Toutefois, pour qu’une demande en nullité soit prononcée sur la base de la mauvaise foi, il ne doit y avoir aucun doute quant aux intentions malhonnêtes de la titulaire de la MUE au moment du dépôt. Il incombe à la demanderesse de prouver le bien-fondé des faits sur lesquels elle fonde son allégation, en particulier en ce qui concerne l’hypothèse selon laquelle la titulaire de la MUE a agi de manière malhonnête lors du dépôt de la MUE. En effet, le régime d’enregistrement d’une marque de l’Union européenne repose sur le principe du «premier déposant», inscrit à l’article 8, paragraphe 2, du RMUE. L’application de ce principe est modérée, notamment par l’article 59, paragraphe 1, point b), du RMUE, en vertu duquel la nullité d’une marque de l’Union européenne doit être déclarée, sur demande présentée auprès de l’EUIPO ou sur demande reconventionnelle dans une action en contrefaçon, lorsque le demandeur était de mauvaise foi lors du dépôt de la demande de marque.
Dès lors, il incombe au demandeur en nullité qui entend se fonder sur ce motif d’établir les circonstances qui permettent de conclure que le titulaire d’une marque de l’Union européenne était de mauvaise foi lors du dépôt de la demande d’enregistrement de cette dernière (21/03/2012, 227/09-, FS, EU:T:2012:138, § 31 et 32, et 14/02/2012, 33/11-, BIGAB, EU:T:2012:77, § 16, 17).
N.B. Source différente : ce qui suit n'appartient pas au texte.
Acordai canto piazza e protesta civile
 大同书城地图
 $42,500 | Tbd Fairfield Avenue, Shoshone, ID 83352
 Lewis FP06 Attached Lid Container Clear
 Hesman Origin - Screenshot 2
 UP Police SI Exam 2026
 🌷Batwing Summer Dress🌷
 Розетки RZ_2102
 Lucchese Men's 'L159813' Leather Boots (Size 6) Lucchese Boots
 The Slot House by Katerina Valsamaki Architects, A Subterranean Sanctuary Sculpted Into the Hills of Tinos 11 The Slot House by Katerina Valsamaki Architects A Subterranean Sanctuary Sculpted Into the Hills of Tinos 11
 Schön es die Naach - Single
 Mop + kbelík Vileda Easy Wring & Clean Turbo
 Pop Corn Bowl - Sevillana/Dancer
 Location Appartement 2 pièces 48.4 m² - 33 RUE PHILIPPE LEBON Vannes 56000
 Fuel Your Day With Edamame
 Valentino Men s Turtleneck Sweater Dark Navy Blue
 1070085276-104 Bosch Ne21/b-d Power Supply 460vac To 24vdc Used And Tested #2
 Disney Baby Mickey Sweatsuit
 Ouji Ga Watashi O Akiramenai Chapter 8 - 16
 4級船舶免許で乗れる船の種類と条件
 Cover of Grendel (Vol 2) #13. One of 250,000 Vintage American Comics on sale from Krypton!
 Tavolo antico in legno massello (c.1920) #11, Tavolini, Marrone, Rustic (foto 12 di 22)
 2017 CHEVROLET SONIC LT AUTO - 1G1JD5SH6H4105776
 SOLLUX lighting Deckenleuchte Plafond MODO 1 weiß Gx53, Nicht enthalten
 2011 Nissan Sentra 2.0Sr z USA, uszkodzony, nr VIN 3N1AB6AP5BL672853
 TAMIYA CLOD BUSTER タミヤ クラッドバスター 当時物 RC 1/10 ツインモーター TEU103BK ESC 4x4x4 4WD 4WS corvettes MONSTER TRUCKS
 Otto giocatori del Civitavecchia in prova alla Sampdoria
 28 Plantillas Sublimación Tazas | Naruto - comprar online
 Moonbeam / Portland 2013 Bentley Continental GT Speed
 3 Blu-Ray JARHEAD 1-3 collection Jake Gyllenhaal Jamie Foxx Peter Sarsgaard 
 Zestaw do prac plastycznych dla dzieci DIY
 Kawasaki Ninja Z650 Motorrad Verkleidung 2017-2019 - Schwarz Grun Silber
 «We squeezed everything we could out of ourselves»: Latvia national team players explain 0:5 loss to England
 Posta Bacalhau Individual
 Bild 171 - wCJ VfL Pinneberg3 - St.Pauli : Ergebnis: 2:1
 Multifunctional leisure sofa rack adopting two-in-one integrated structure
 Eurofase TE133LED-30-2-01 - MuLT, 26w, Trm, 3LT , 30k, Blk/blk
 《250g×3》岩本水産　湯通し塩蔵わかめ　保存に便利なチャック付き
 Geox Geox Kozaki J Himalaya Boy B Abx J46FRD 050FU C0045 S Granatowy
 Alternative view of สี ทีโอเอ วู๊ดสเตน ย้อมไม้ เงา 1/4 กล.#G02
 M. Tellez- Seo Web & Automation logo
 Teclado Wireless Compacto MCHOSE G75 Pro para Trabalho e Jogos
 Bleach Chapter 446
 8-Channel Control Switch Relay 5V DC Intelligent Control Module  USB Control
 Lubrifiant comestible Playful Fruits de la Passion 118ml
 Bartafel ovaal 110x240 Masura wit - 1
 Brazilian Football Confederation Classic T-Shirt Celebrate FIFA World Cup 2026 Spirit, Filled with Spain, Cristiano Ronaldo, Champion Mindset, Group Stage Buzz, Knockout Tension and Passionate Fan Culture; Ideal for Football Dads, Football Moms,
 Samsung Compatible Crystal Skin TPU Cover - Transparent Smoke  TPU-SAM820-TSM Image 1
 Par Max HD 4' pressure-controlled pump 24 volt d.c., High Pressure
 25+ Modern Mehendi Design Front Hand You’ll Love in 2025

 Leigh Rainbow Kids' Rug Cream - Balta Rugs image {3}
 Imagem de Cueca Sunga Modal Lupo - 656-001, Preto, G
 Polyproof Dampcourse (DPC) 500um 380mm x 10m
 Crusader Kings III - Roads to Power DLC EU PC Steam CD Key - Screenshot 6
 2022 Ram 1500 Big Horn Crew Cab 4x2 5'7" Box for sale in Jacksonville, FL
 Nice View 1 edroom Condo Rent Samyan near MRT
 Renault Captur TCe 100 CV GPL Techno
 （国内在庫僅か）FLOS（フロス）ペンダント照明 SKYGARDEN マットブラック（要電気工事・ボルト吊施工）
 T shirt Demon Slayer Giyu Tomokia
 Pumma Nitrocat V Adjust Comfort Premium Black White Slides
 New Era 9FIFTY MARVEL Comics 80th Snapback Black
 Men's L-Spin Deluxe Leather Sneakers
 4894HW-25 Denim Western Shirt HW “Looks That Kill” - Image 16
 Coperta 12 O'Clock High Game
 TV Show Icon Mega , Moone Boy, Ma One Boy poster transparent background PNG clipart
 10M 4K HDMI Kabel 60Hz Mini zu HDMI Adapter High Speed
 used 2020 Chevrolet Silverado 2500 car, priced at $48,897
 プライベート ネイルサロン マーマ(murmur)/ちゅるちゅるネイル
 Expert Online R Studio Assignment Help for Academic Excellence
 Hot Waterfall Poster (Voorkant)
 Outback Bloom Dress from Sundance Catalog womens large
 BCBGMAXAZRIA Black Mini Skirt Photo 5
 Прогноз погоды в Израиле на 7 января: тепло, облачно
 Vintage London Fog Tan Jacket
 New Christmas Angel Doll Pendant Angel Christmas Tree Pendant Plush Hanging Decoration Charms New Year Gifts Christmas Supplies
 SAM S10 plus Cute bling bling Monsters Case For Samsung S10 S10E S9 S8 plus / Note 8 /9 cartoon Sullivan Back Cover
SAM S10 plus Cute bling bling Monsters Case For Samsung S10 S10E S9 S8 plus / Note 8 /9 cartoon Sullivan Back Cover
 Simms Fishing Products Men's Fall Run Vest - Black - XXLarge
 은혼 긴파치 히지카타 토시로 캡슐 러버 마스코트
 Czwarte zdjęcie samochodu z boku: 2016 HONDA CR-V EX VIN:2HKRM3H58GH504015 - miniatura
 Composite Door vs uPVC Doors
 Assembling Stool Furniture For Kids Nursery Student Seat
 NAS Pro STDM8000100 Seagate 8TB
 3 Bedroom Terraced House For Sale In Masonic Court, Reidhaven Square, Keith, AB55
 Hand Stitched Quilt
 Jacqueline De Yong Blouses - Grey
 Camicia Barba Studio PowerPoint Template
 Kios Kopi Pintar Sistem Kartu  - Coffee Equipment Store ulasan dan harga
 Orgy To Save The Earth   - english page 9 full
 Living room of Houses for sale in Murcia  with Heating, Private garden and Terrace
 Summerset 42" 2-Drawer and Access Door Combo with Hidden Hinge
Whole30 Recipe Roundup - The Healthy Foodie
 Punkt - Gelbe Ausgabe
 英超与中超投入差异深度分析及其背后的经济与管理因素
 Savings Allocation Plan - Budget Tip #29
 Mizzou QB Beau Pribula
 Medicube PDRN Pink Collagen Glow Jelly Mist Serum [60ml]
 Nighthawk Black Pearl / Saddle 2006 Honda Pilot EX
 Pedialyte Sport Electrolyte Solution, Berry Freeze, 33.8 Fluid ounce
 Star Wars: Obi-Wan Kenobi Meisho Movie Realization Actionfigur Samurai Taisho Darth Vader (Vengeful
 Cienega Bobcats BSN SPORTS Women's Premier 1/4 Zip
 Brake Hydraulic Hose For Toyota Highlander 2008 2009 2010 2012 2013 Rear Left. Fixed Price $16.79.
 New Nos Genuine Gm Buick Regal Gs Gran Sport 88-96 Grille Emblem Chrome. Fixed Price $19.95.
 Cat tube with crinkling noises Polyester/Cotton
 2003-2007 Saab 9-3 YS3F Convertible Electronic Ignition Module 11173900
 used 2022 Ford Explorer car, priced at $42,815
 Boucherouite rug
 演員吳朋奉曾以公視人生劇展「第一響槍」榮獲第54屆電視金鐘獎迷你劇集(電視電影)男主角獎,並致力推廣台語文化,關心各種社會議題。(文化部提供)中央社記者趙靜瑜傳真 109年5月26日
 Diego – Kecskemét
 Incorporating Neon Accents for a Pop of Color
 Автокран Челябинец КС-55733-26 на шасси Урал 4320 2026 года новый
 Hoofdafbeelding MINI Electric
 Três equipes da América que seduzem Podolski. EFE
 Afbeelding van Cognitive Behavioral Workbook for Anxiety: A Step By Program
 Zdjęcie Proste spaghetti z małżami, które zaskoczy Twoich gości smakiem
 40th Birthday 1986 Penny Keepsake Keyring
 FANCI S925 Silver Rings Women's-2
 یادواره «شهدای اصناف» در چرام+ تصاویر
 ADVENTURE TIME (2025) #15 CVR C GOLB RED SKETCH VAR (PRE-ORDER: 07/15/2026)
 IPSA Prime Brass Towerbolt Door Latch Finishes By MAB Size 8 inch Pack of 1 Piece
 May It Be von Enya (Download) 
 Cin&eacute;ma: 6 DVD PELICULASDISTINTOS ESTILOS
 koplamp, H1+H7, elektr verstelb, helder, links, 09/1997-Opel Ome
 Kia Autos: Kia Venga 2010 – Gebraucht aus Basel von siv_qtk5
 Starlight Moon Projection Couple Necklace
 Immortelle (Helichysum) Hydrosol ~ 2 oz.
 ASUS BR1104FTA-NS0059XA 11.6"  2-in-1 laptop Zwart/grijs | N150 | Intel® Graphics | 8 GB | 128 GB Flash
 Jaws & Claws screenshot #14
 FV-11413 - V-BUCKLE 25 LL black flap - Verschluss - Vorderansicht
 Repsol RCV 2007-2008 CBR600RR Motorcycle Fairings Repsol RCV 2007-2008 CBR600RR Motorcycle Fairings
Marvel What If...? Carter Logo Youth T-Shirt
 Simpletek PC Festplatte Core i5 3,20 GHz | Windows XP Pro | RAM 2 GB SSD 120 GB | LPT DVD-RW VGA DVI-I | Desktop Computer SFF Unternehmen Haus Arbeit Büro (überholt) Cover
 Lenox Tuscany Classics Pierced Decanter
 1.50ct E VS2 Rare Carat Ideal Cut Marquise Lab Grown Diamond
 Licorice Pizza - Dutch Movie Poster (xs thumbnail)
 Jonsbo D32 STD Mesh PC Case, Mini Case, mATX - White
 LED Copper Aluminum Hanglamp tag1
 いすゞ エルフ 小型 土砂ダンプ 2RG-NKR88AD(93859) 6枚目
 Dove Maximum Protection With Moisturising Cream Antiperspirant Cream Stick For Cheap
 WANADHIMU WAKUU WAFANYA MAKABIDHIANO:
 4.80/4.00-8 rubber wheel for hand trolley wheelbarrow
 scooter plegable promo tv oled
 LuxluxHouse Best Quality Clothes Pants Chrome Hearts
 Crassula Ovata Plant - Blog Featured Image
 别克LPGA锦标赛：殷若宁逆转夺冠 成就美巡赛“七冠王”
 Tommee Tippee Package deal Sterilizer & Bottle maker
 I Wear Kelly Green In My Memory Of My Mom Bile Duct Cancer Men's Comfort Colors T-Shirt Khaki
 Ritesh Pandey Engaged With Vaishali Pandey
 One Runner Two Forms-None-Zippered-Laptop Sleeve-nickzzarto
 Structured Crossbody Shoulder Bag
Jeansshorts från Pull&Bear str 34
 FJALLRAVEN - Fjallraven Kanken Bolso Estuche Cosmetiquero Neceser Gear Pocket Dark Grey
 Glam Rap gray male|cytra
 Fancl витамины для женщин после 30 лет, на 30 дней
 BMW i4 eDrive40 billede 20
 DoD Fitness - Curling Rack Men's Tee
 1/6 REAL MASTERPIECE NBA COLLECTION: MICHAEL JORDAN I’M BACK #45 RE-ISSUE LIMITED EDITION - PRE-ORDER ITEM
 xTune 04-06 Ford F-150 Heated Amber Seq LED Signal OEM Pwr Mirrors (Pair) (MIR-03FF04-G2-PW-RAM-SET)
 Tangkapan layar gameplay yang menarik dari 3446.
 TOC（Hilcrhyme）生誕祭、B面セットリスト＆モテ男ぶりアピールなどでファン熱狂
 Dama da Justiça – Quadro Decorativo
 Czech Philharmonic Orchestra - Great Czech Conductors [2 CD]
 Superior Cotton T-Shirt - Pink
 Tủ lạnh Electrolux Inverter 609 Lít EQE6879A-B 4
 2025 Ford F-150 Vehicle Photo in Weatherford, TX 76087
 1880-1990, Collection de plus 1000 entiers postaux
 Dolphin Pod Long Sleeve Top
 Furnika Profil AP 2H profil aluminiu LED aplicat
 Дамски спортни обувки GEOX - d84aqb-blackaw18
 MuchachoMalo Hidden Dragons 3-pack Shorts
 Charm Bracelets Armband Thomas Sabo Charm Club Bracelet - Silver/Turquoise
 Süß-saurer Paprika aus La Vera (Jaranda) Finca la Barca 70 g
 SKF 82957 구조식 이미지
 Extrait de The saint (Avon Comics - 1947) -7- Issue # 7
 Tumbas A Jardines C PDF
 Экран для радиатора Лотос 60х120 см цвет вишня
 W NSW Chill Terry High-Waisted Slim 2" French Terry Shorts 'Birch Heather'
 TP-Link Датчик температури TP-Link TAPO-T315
En règle générale, la bonne foi est présumée jusqu’à preuve du contraire et la charge de la preuve à cet égard incombe exclusivement au demandeur en nullité («Pelikan», loc. cit., § 57).
Cela étant, lorsque l’EUIPO constate que les circonstances objectives du cas d’espèce invoquées par le demandeur en nullité sont susceptibles de conduire au renversement de la présomption de bonne foi dont bénéficie la demande d’enregistrement de la marque contestée, il appartient au titulaire de celle-ci de fournir des explications plausibles concernant les objectifs et la logique commerciale poursuivis par la demande d’enregistrement de ladite marque (23/05/2019, 3/18, ANN TAYLOR/ANNTAYLOR et al., EU:T:2019:357, § 36).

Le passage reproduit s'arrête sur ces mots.